Romanian poet (1901–1961)

Alexandru Tudor-Miu (February 25, 1901 - July 26, 1961) was a Romanian poet.

Born into a peasant family in Brazi, Prahova County, he attended primary school in his native village, followed by high school at Ploiești. Between 1918 and 1920, he worked as a schoolteacher in Pantazi, in his native county. In 1921, he was a laboratory assistant at the refinery in Câmpina, and was subsequently employed by Concordia-Electrica company. From 1945 until his death, he headed the electrotechnical school in Câmpina.
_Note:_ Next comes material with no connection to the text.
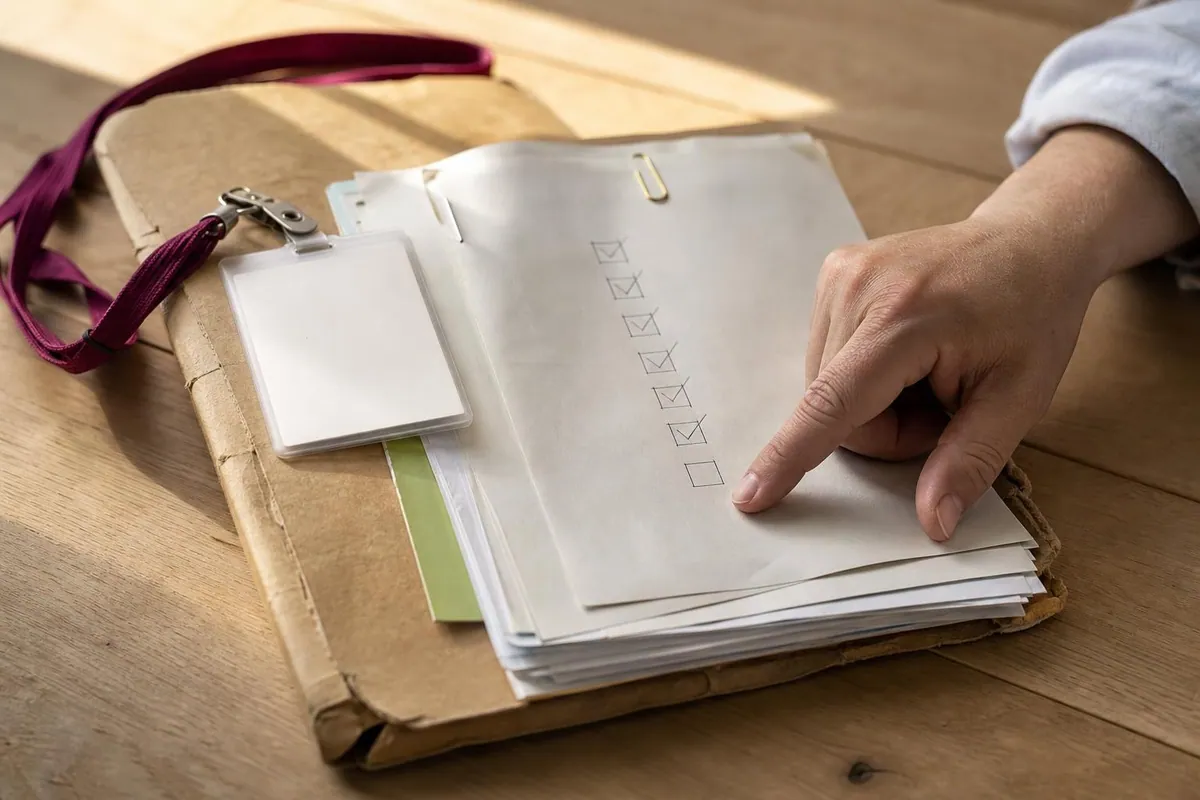 Gros plan sur une pochette cartonnée kraft ouverte contenant un diplôme d’animation, une attestation de secourisme et un badge de qualification, avec une liste de cases cochées au crayon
Together with Geo Bogza, he began the local surrealist movement. Inspired by the latter's magazine Urmuz, he founded and edited three more: Câmpina (1927-1929), Prahova (1930) and Strada (1932-1936). His first poetry was published in Ploieștii literari in 1921; his first book was the 1932 Epode. His two other volumes were Standard, poeme de petrol și energie (1934) and Întâlnire cu pasărea Phoenix (1947). Magazines that published his work include Contimporanul, Universul literar, Izbânda, Viața literară, România Literară, Națiunea and Viața Românească. He left behind three volumes of poetry in manuscript form (Albastru – poeme de mare, Steaua Doftanei and Cheia Universală), a book of newspaper reports (Excursii) and a historical monograph of Câmpinei. His poems, replete with metaphors, were written in surrealist fashion.